PKK, the terror group that has been fighting the Turkish state since 1984, a couple of years after the group was founded, did not deny the claim. In the wake of their battle, it has left more than 40,000 killed, including civilians so far. People’s United Revenge Militia (HBIM) is another PKK-linked group that claimed responsibility for fires in the past.
While the group launched its first attack in Turkey in 1984, the group adopted forest fires as a strategy in the 1990s.
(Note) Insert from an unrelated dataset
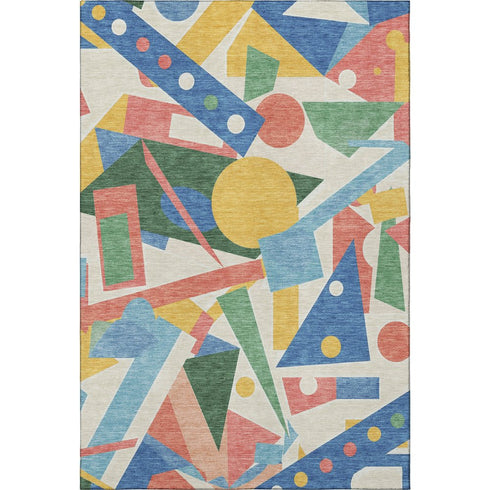 3' X 5' Blue Yellow And Coral Geometric Washable Area Rug With UV Protection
Greece, where some PKK terrorists were trained, also had its share in the deliberate fires by PKK, as the group set alight the forests that attract Turkish tourists, according to a leaked Turkish intelligence report.
Now, the Children of Fire Initiative, a subgroup of the Kurdistan Workers Party (PKK), made an announcement claiming responsibility for the fires devastating southern Turkey.
Their announcement claiming responsibility was published by Nûçe Ciwan, which in Kurdish (Kurmanji), Arabic, Turkish, German and English with the slogan of “Dynamism of Youth.”
The PKK subgroup, in which Turkey recognises the entire group as a terrorist organisation, said the reason for starting the forest fires was in response to “the Fascists Turks, who invaded and exploited our country, pillaged our nature by burning it” and “spewed blood, death and brutality on us Kurds, and supported the army, police and government of the colonial Turkish Republic.”
In the announcement, the PKK subgroup declared a “Collapse MOVEMENT”.
“You will see our movement of anger and vengeance in the burning cities, the sky covered with ash and smoke, the mountains and plains engulfed in flames,” the announcement said before listing many Turkish massacres against the Kurds.
The group also listed anti-Kurdish policies and normalisation in society such as forceful Turkification, controlled media and football players saluting the Turkish army when fighting the Kurds
Although the group claimed responsibility for the fires, there is still lacking first hand evidence to substantiate this claim, but the PKK’s history in starting fires has led many to believe that they indeed are behind the fires. Nevertheless, it will only be known for certain after investigations have been concluded.